THE DATA:
▬▬▬
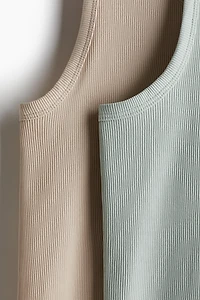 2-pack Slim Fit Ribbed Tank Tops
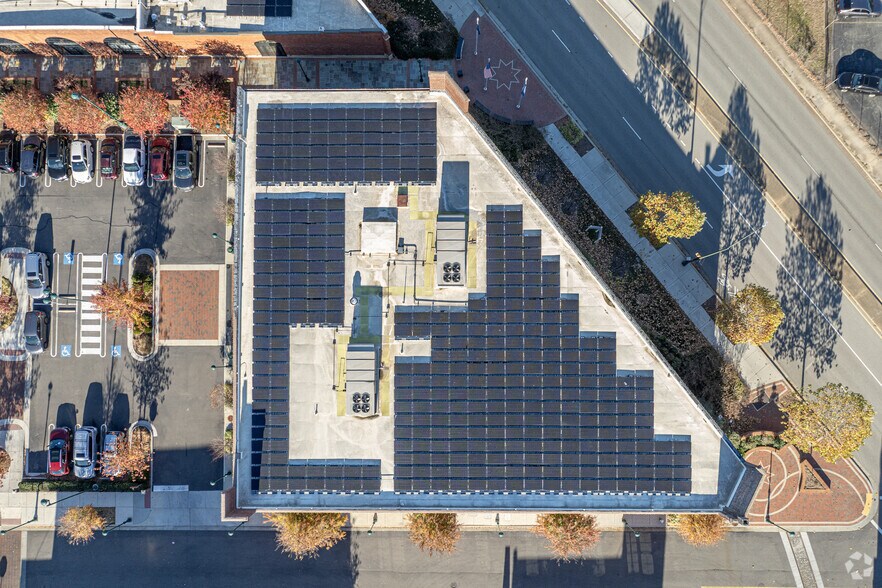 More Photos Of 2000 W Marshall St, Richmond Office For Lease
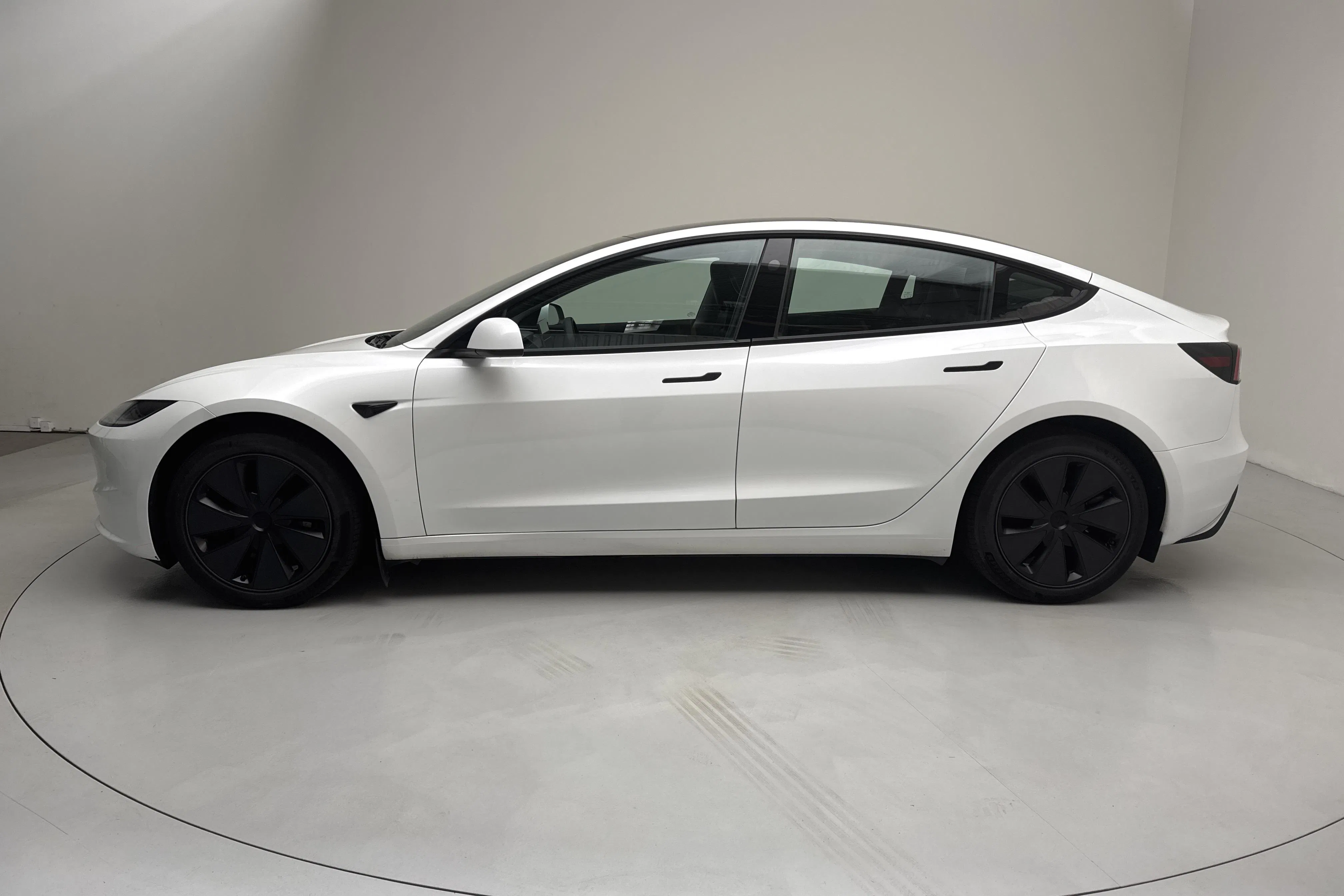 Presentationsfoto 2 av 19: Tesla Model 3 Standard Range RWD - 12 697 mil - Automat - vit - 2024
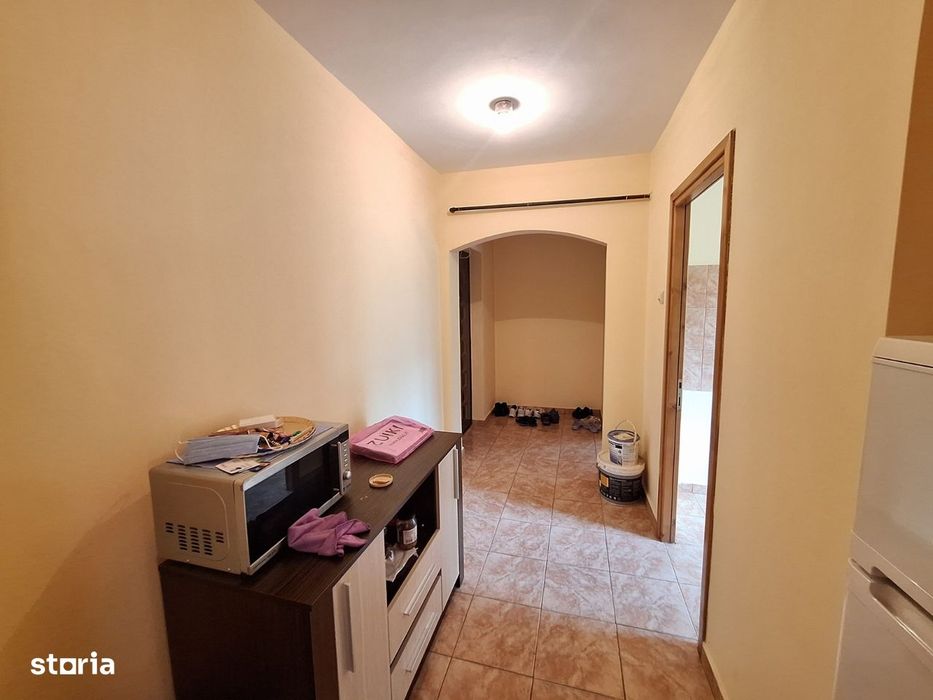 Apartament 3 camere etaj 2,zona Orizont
▬▬▬
GOAL OF THE EXERCISE: A faithful copy of all the lines above is needed, with the pictures omitted.

EXERCISE ANSWER:
 2-pack Slim Fit Ribbed Tank Tops
 More Photos Of 2000 W Marshall St, Richmond Office For Lease
 Presentationsfoto 2 av 19: Tesla Model 3 Standard Range RWD - 12 697 mil - Automat - vit - 2024
 Apartament 3 camere etaj 2,zona Orizont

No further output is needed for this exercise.